- _Material provided_:
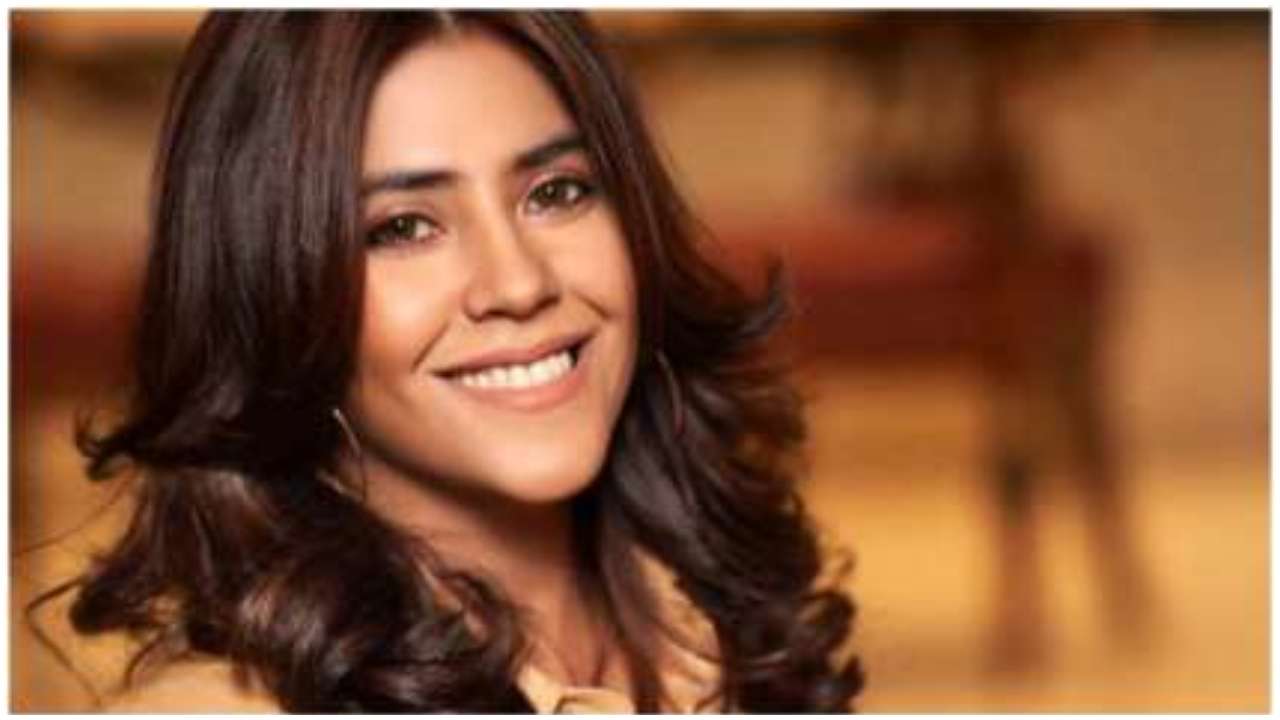Here's why Ekta Kapoor took off her rings after 17 years 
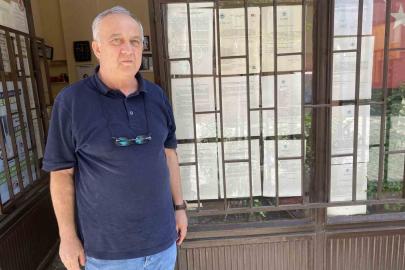 İstiklal Mahallesi’nde kentsel dönüşüm sürüyor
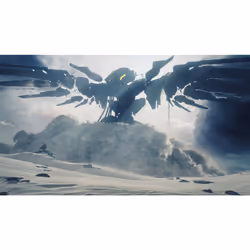 Halo 5 Guardians (Xbox One)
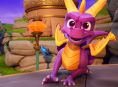 Spyro 4 tampaknya dikonfirmasi oleh pengembang Toys for Bob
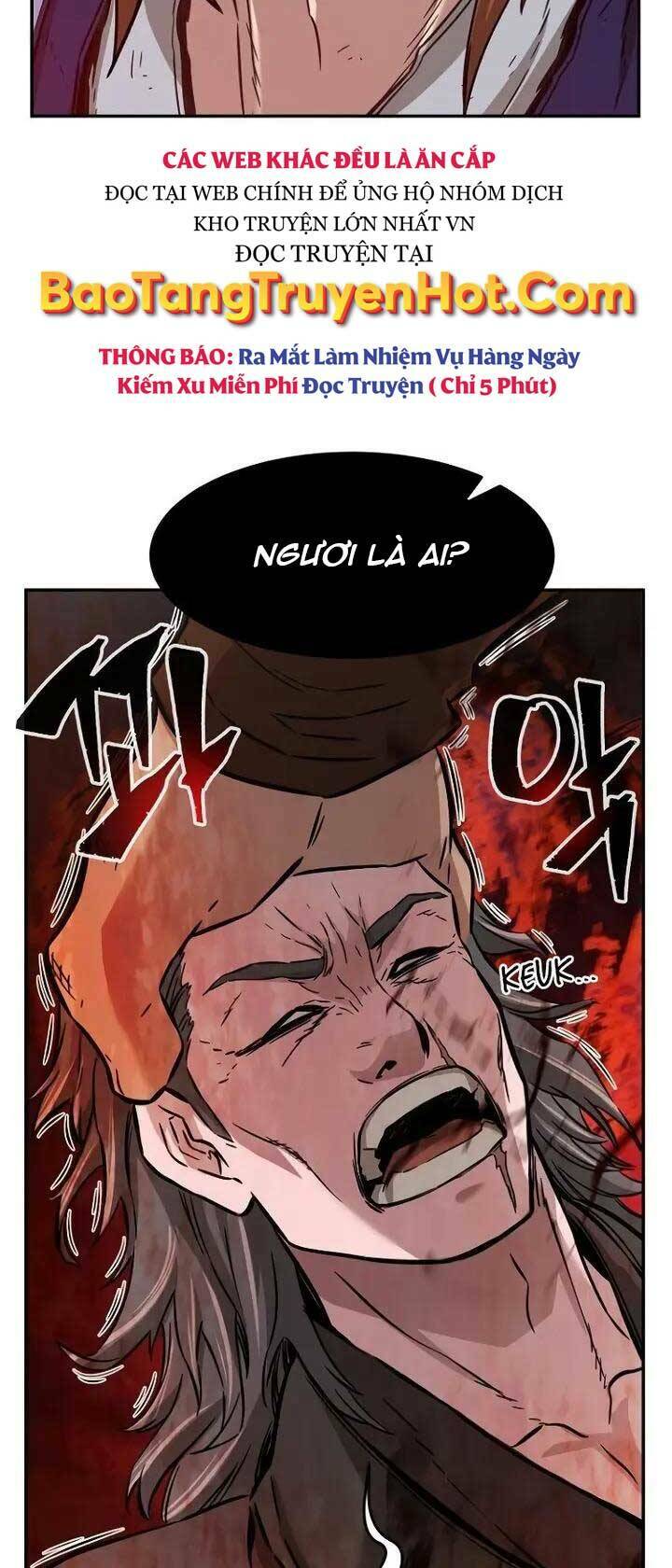 Tuyệt Đối Kiếm Cảm - Chapter 14 - Page 27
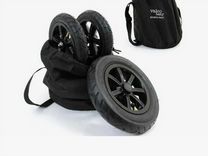 Комплект надувных колес для Valco baby snap
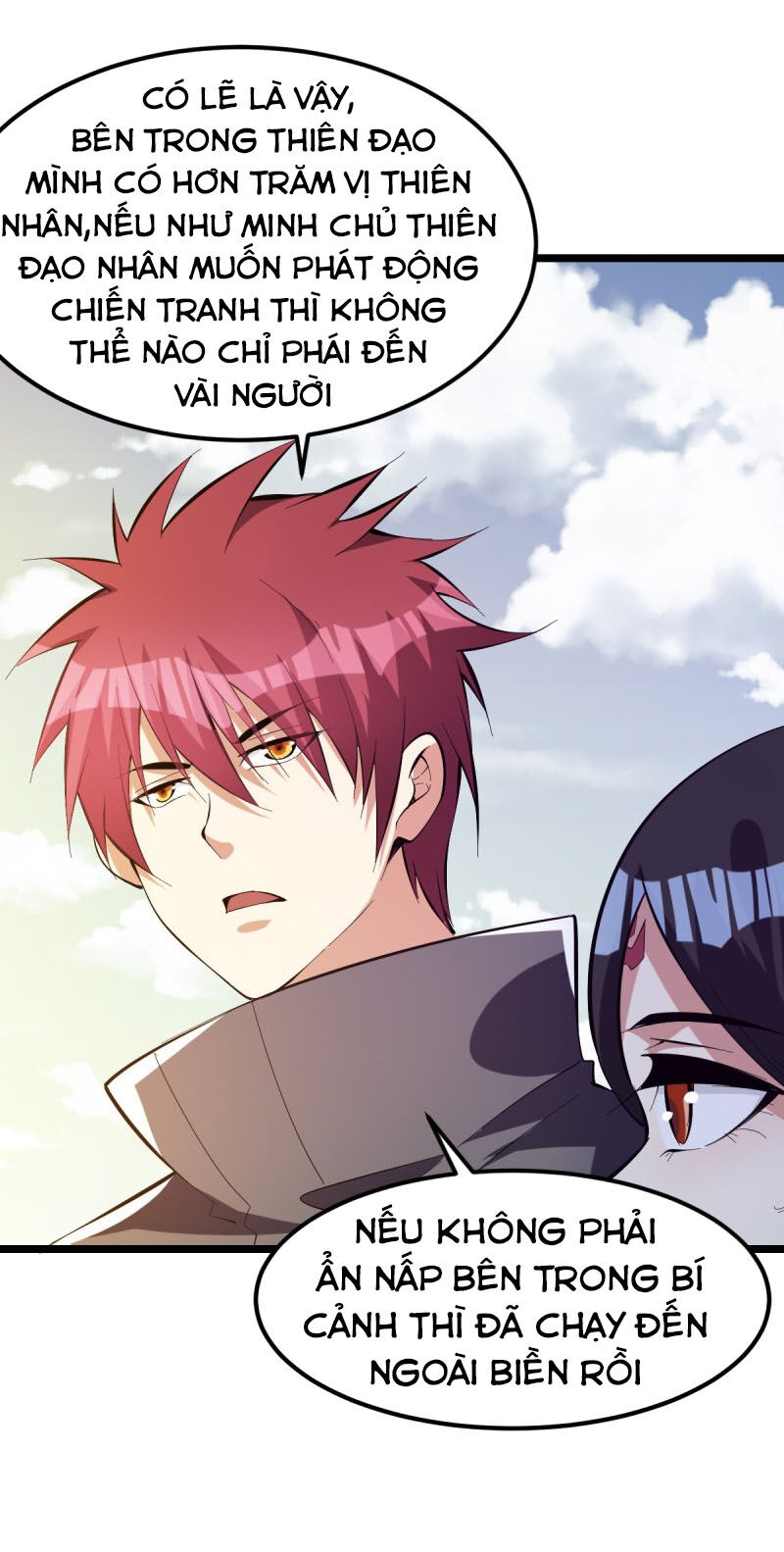 Tiên Vương Trùng Sinh Chapter 145 - Trang 2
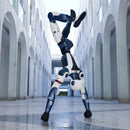 Unitree R1 Basic Humanoid Robot (Non programmable)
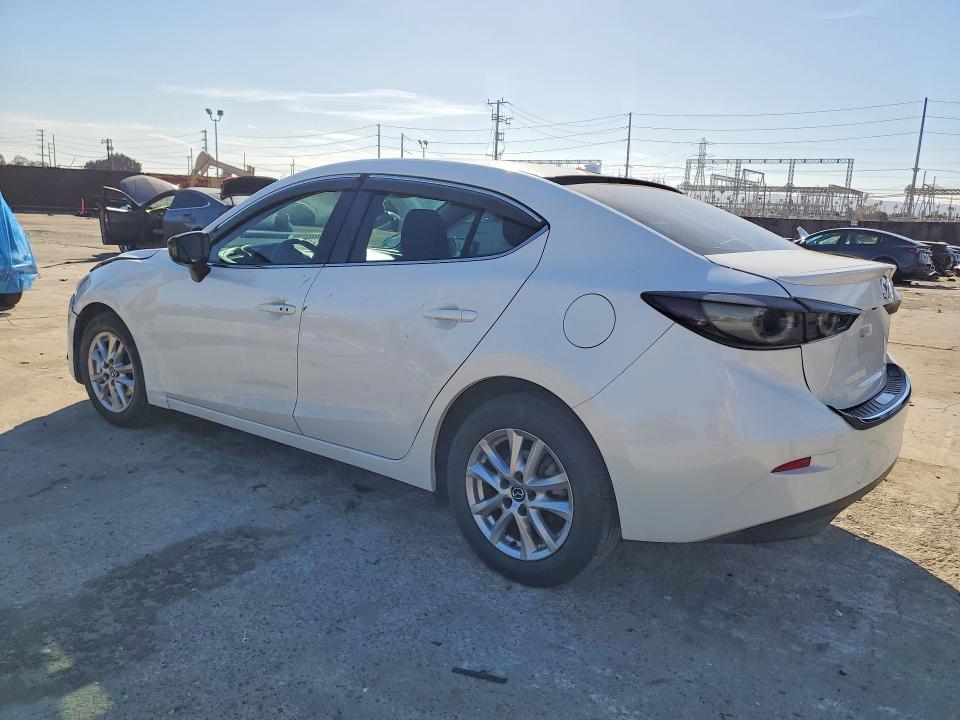 Aukcja sprzedaży 2016 Mazda 3, vin: JM1BM1W72G1311778, numer aukcji: 78764415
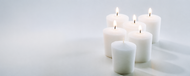 How to Safely Maintain Church Votive Candle Holders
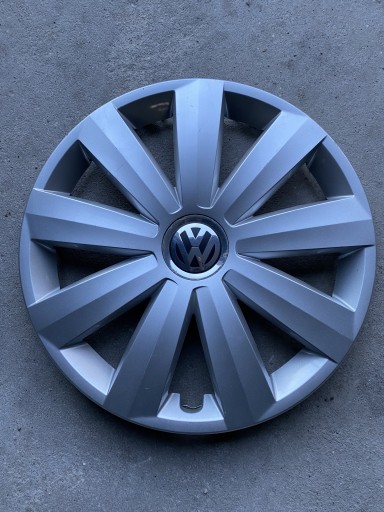 Zdjęcie oferty: Kołpaki VW 16 cali ORYGINALNE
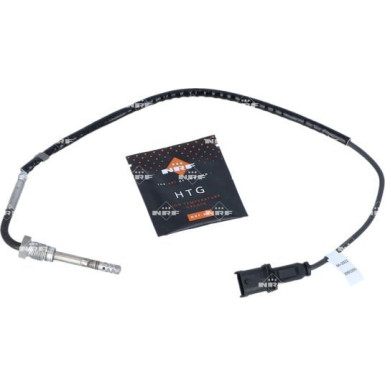 NRF Sensor, Abgastemperatur EASY FIT 707162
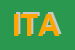 Logo di ITARCA (SPA)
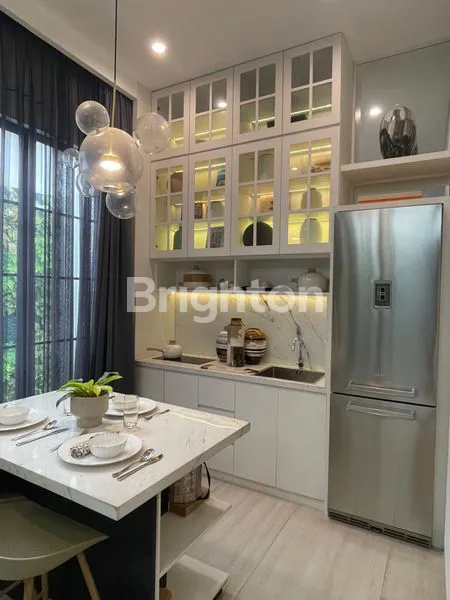 image RUMAH 3 LANTAI 4 KT DI CIJANTUNG (1)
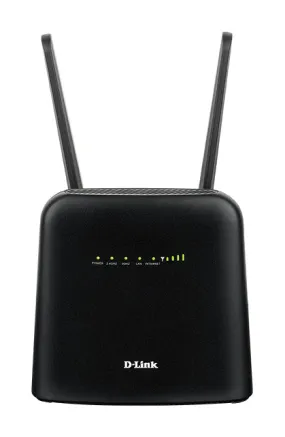 Lte Cat7 Wi-Fi Ac1200 Router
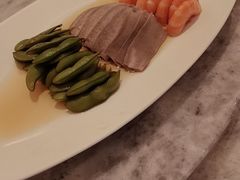 -喜来登由由大酒店九州膳坊中餐厅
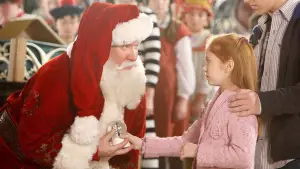 Backdrop to the movie "The Santa Clause 3: The Escape Clause" #727571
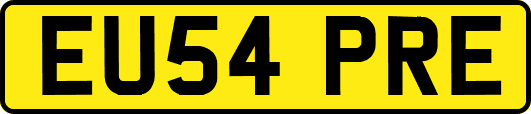 EU54PRE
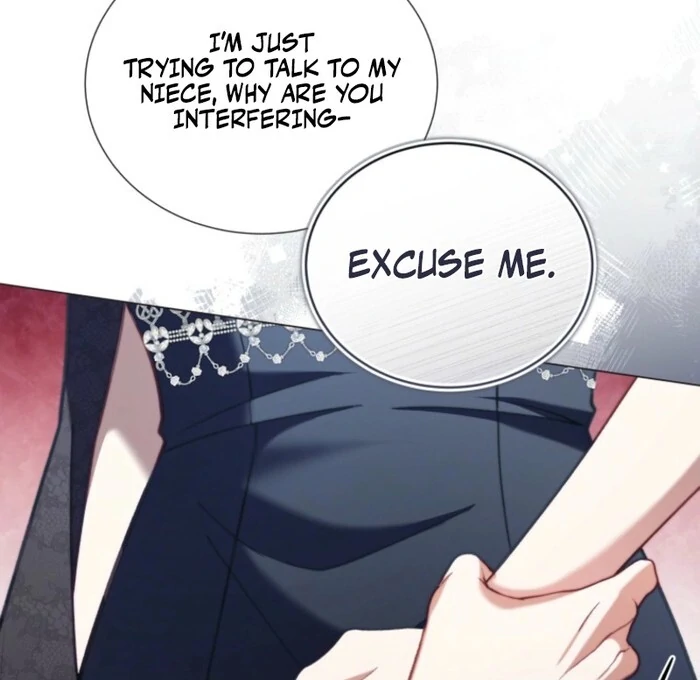 Adinmir’s Thorn Flower - Chapter 24 - 18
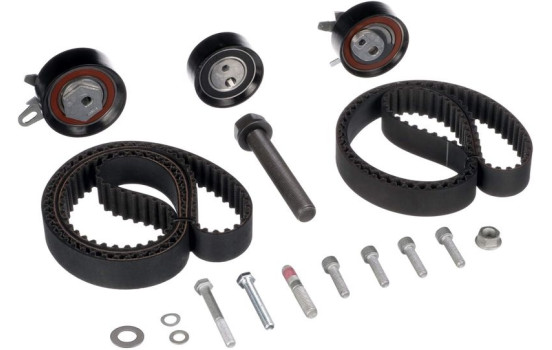 Timing Belt Set K085323XS Gates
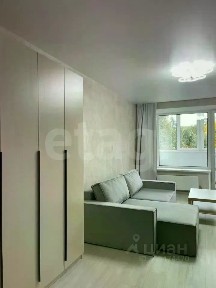 Продается студия, 31,3 м²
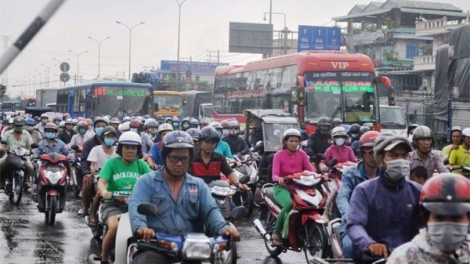 An toàn về nhà (4/12/2017)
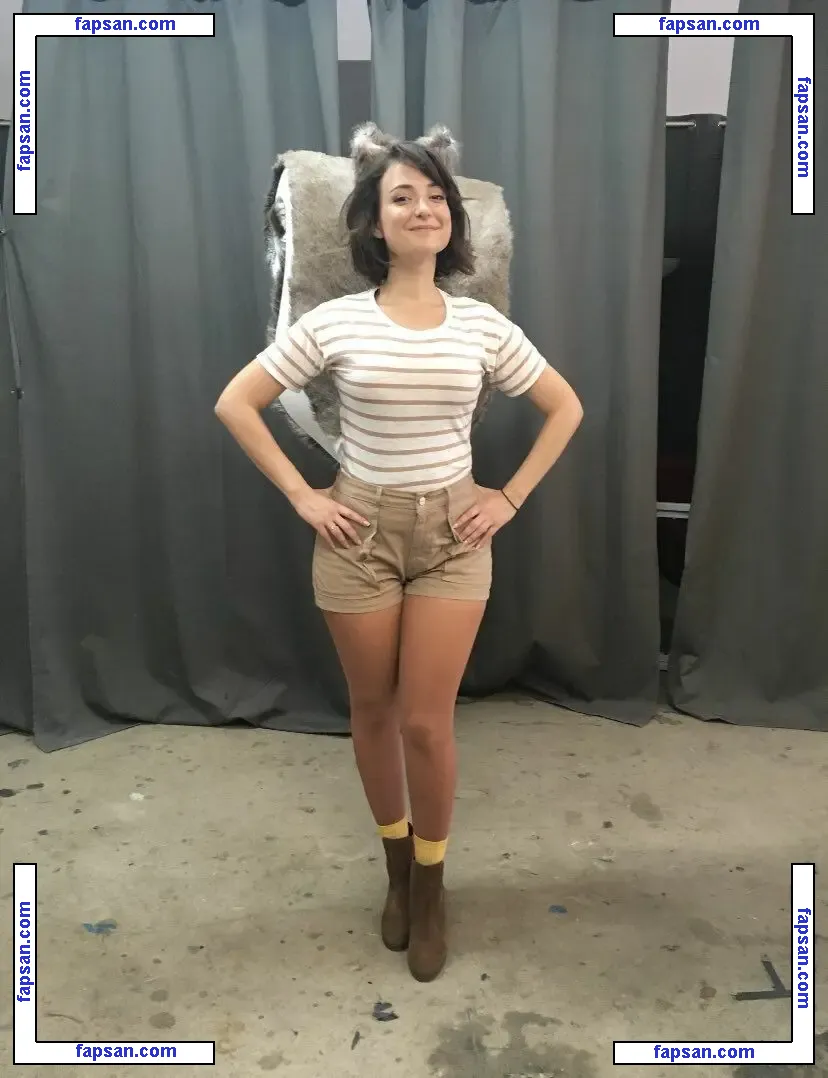 Mila Vayntrub nude photo #0012 from OnlyFans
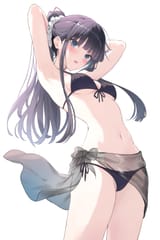 __touma_kazusa_white_album_and_1_more_drawn_by_nun_9__33b42a137f90907db2b82596f484c08d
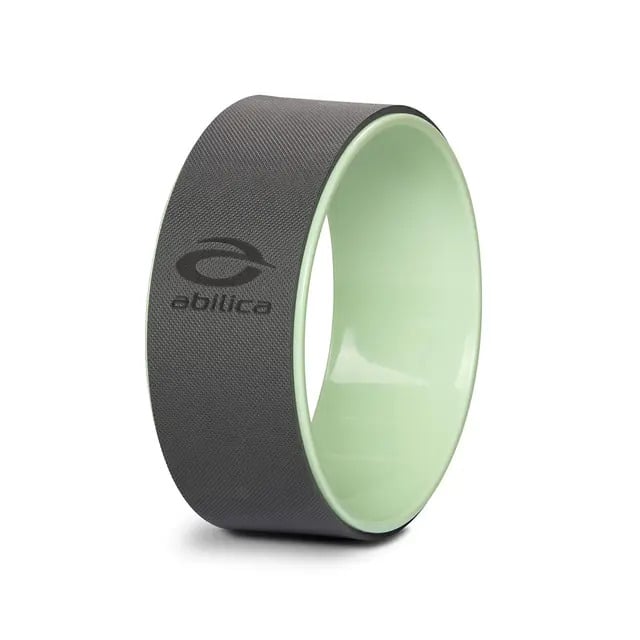 Abilica Yogahjul | Träning - Yoga,Träning - Träningsredskap | Apoteka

- _Task goal_: Would you please output each record exactly, leaving the images out?

- _Answer to the exercise_:
Here's why Ekta Kapoor took off her rings after 17 years 
 İstiklal Mahallesi’nde kentsel dönüşüm sürüyor
 Halo 5 Guardians (Xbox One)
 Spyro 4 tampaknya dikonfirmasi oleh pengembang Toys for Bob
 Tuyệt Đối Kiếm Cảm - Chapter 14 - Page 27
 Комплект надувных колес для Valco baby snap
 Tiên Vương Trùng Sinh Chapter 145 - Trang 2
 Unitree R1 Basic Humanoid Robot (Non programmable)
 Aukcja sprzedaży 2016 Mazda 3, vin: JM1BM1W72G1311778, numer aukcji: 78764415
 How to Safely Maintain Church Votive Candle Holders
 Zdjęcie oferty: Kołpaki VW 16 cali ORYGINALNE
 NRF Sensor, Abgastemperatur EASY FIT 707162
 Logo di ITARCA (SPA)
 image RUMAH 3 LANTAI 4 KT DI CIJANTUNG (1)
 Lte Cat7 Wi-Fi Ac1200 Router
 -喜来登由由大酒店九州膳坊中餐厅
 Backdrop to the movie "The Santa Clause 3: The Escape Clause" #727571
 EU54PRE
 Adinmir’s Thorn Flower - Chapter 24 - 18
 Timing Belt Set K085323XS Gates
 Продается студия, 31,3 м²
 An toàn về nhà (4/12/2017)
 Mila Vayntrub nude photo #0012 from OnlyFans
 __touma_kazusa_white_album_and_1_more_drawn_by_nun_9__33b42a137f90907db2b82596f484c08d
 Abilica Yogahjul | Träning - Yoga,Träning - Träningsredskap | Apoteka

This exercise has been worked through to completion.